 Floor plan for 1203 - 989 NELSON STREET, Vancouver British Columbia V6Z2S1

==

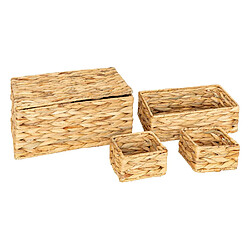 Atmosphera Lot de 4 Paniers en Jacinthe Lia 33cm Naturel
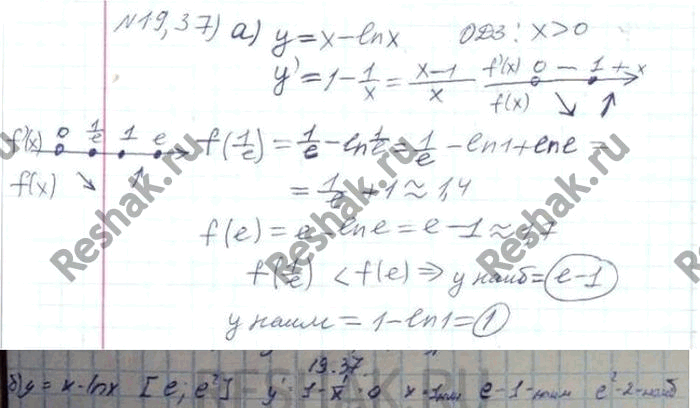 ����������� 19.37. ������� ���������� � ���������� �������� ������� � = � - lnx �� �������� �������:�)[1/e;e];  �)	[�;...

* * *

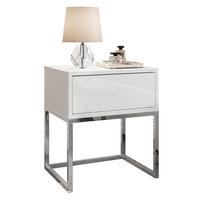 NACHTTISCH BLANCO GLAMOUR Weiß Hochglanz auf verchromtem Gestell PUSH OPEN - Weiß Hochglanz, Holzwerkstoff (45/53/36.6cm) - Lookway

__Directions for this task__:
Beginning with the line holding "Atmosphera Lot de" in the material above, restate word for word each line through the line holding "lnx �� �������� �������:�)[1/e;e];", and exclude pictures.

__Solution below__:
 Atmosphera Lot de 4 Paniers en Jacinthe Lia 33cm Naturel
 ����������� 19.37. ������� ���������� � ���������� �������� ������� � = � - lnx �� �������� �������:�)[1/e;e];  �)	[�;...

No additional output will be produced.